Your first DIY oil change is one of those milestones. You do it once, realise it takes under an hour, costs half what the quick-lube shop charges, and you actually know what went into your engine. After that, you never go back.

This walkthrough is written for someone who has never done it. We move slowly and we're straight with you about the one thing too many guides gloss over: always verify torque specs, oil capacity and filter part numbers against your own vehicle's service manual. The numbers here are reference ranges only. This page is part of the Redline Garage complete oil change hub; before you start, read our tools you need for an oil change guide so you turn up with the right gear.

Before You Touch Anything: What You Need

Gather everything first. Stopping mid-job to hunt for a funnel is how oil ends up on the driveway. You'll want: the correct oil grade and quantity, a replacement oil filter, a new crush washer if your car uses one, a drain pan (6 L+), an oil filter wrench, a socket set and torque wrench, wheel chocks, ramps or a jack and axle stands, nitrile gloves, rags, a funnel and a work light.

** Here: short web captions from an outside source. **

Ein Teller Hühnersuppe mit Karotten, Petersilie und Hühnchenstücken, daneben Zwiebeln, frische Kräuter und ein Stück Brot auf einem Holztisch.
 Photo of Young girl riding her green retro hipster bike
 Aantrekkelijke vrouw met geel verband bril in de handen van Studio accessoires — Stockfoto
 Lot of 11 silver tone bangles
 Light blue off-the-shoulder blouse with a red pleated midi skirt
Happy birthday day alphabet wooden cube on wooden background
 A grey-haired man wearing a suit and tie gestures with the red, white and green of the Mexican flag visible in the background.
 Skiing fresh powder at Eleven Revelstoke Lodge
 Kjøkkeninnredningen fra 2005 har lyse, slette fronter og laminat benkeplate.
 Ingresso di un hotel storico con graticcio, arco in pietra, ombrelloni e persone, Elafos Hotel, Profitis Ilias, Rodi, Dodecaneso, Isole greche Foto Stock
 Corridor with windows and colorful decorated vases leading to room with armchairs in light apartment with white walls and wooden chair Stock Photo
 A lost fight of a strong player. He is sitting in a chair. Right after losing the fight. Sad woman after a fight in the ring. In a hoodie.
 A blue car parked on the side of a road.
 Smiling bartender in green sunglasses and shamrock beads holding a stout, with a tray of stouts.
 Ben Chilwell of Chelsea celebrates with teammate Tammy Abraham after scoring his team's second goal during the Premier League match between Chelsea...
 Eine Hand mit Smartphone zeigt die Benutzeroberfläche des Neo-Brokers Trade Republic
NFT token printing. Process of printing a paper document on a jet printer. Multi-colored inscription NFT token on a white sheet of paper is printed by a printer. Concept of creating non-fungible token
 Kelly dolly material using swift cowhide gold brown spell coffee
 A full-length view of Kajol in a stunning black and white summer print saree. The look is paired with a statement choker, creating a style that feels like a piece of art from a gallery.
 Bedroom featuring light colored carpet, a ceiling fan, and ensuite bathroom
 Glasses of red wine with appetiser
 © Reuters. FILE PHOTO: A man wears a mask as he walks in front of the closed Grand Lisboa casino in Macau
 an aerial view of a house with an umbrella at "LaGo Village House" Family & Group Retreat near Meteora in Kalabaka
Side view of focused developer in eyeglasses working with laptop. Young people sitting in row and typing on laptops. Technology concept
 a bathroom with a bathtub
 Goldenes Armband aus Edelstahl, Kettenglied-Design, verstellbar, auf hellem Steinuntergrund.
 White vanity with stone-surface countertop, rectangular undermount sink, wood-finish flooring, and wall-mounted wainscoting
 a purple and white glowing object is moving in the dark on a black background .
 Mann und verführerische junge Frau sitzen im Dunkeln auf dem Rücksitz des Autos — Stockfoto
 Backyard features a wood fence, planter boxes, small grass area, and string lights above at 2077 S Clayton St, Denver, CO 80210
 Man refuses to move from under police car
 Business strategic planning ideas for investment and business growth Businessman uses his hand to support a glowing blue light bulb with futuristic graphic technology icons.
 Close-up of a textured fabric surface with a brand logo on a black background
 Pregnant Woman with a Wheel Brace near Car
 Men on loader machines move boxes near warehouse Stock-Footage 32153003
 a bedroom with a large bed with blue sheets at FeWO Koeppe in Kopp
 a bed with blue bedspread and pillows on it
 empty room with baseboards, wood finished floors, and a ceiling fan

Step-by-Step: How to Change Your Engine Oil

  1. Warm the engine (but not too hot). Cold oil is thick and drains slowly; a warm engine drains cleanly. Run the car five to ten minutes, shut off, and let it sit another five. Warm is the answer — fluid enough to drain freely, not hot enough to scald.
  2. Secure the vehicle. Chock the wheels before lifting anything. Then either drive the front wheels onto a matched pair of ramps on level ground, or jack at the manufacturer's lift point and lower onto rated axle stands. Never work under a car supported only by a jack.
  3. Remove the oil filler cap. This breaks the vacuum so the old oil drains faster, and it means you can't forget to open the engine before refilling.
  4. Position the drain pan and find the sump drain plug. The sump is the lowest part of the engine; the drain plug is a single bolt at its lowest point. Place the pan slightly forward of the plug — oil sprays outward before it falls straight down.
  5. Drain the oil. Loosen the plug with a socket, then spin it out by hand keeping upward pressure, and pull it clear quickly. Let it drain five to ten minutes. Inspect the plug; if the threads look damaged, replace it before continuing.
  6. Remove the old oil filter. Spin-on: break it loose with the wrench, keep it upright until it's over the pan. Cartridge: remove the housing cap, lift the element out, drain the housing. Check the old rubber gasket came away with the filter — a left-behind gasket means a double-gasket leak. More in our oil filter guide.
A clean sump drain plug with a new copper crush washer fitted, resting on a shop rag
  1. Fit a new crush washer. If your car uses one (most Japanese cars do), the soft washer deforms to seal and is single-use. Fit the new one before refitting the plug.
  2. Reinstall the drain plug to torque. Thread it in by hand first — if it resists before seating, stop and back it out (you may be cross-threading). Then torque to the manufacturer's spec with a torque wrench. Don't guess. Over-torque strips the sump; under-torque backs out on the highway. See torque specs.
  3. Prime and install the new filter. Smear fresh oil around the new gasket. Spin-on: hand-thread until the gasket contacts, then a further three-quarter to one full turn by hand — no wrench. Cartridge: fit the new element and torque the housing to spec.
  4. Refill with fresh oil. Funnel in about 80% of capacity to start, then fine-tune with the dipstick. The bottle isn't your guide — your manual's capacity is.
  5. Check the dipstick. Refit the filler cap, pull the dipstick, wipe, reinsert fully, pull and read. Aim for the upper half of the range, never over MAX. Overfilling foams the oil and starves bearings.
  6. Start the engine and check for leaks. Lower the car, start it, and watch the oil-pressure light — it should go out within a couple of seconds (if not, shut off immediately). Inspect the drain plug and filter for drips. Then shut off, wait, and recheck the dipstick.
  7. Reset the oil-life monitor. Most modern cars need this done manually after a change. The procedure varies — look it up in your manual.
  8. Dispose of the old oil correctly. Pour it into a sealable container, never down a drain or in the bin. See our oil disposal guide.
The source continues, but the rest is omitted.